De Blasio said he regretted the cuts to the “Fair Fares” program, but said it was inevitable due to the lack of help from Capitol Hill, and the refusal by state government to permit city borrowing.

“We had hoped for months that there would be a stimulus bill voted on in Washington to help New York City … We don’t know when it will happen; we have to move on without the stimulus. We had hoped for borrowing authority from Albany, did not happen,” de Blasio said. “It was an effective, important program, [but] at a period when MTA ridership was down to 10 percent of what it had been for a prolonged period of time, I think the underlying concept of the program was disrupted profoundly by the coronavirus.”

Instead of providing for low-income transit riders, de Blasio’s budget placed a high priority in providing the healthcare, especially in neighborhoods hardest hit my COVID-19 as well as $450 million for food programs.

The implementation of the Fair Fares program was slow and painful for advocates who pressured the de Blasio administration to place $200 million in the 2019 budget, and when it was adopted it was only available to about 30,000 people. By November 2019, 76,000 New Yorkers were enrolled in the program through the city Department of Social Services.

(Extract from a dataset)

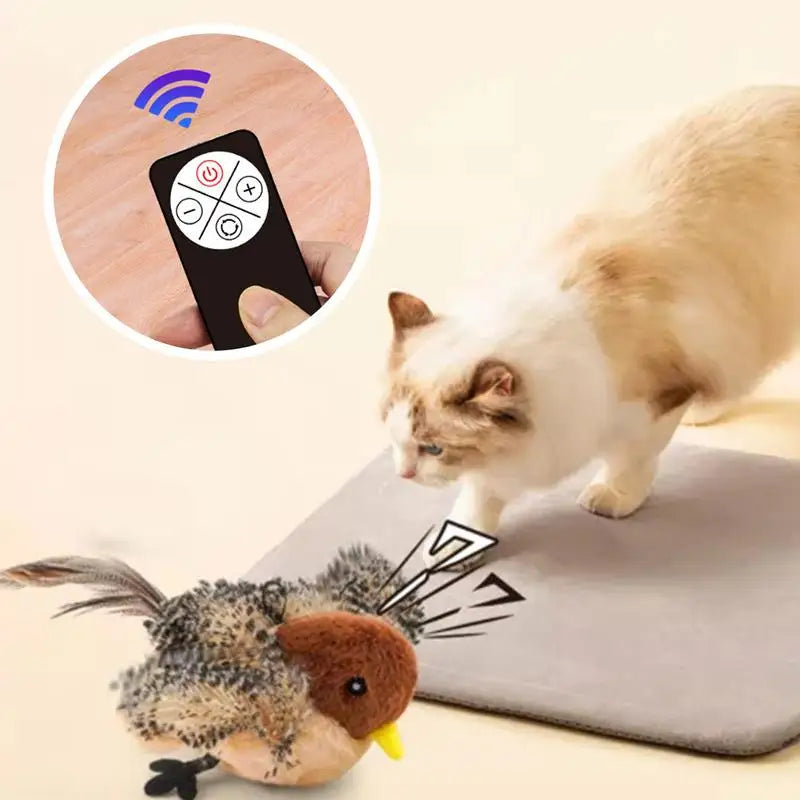 Chirping bird cat toy with Catnip Adjustable Touch Activated Squeak Plush Cat Toy Rechargeable Chirping Flapping Bird for Pet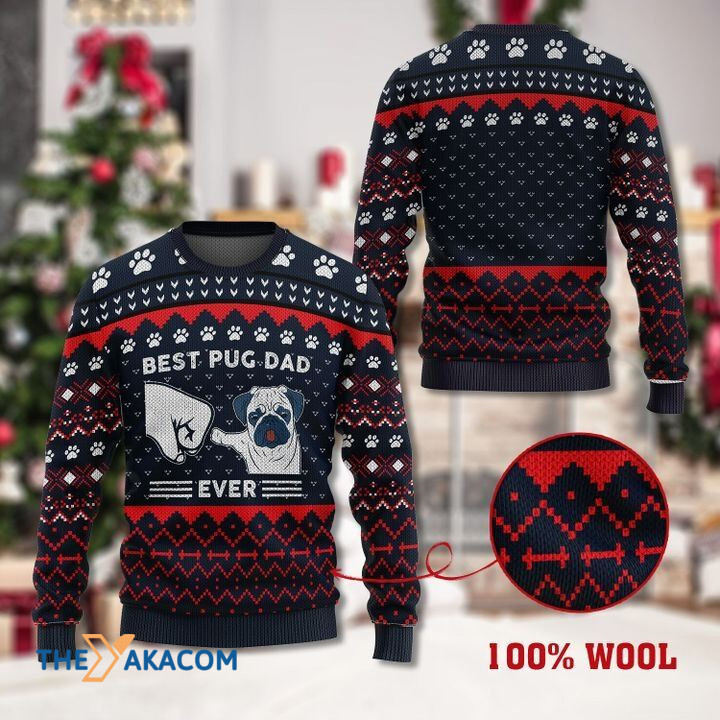 Merry Xmas Best Pug Dad Ever We Are Friend Awesome Gift For Dog Lovers Ugly Christmas Sweater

Originally in the 2019 budget, the de Blasio administration slated to receive $106 million but was later doubled to $212 million, making for the most recent cut to account for about a quarter of the total funding.

Those who qualify for the Fair Fares program are some of the city’s most vulnerable; a person must have an income below the federal poverty line and must also be receiving SNAP benefits from the city.

“Fair Fares is a lifeline for 200,000 subway and bus riders living in poverty. It holds great promise for half a million more eligible New Yorkers, especially at a time when so many are struggling to make ends meet,” Riders Alliance Community Organizer Danna Dennis said. “This budget cut is a blow to a program that only fully launched earlier this year after a historic coalition emerged behind it and Council Speaker Corey Johnson became its strongest champion. While ridership is down now, it is returning and transit remains absolutely essential to frontline and returning workers. Mayor de Blasio must be clear in how these cuts will impact New Yorkers. He must make every effort to deliver Fair Fares and the access to the opportunity it provides New Yorkers, who need it now more than ever.”
The half-priced fare runs about $1.38 for single rides, the weekly unlimited is reduced from $33 to $16.50. This means the monthly unlimited that runs at about $127 only costs $63.50 to members.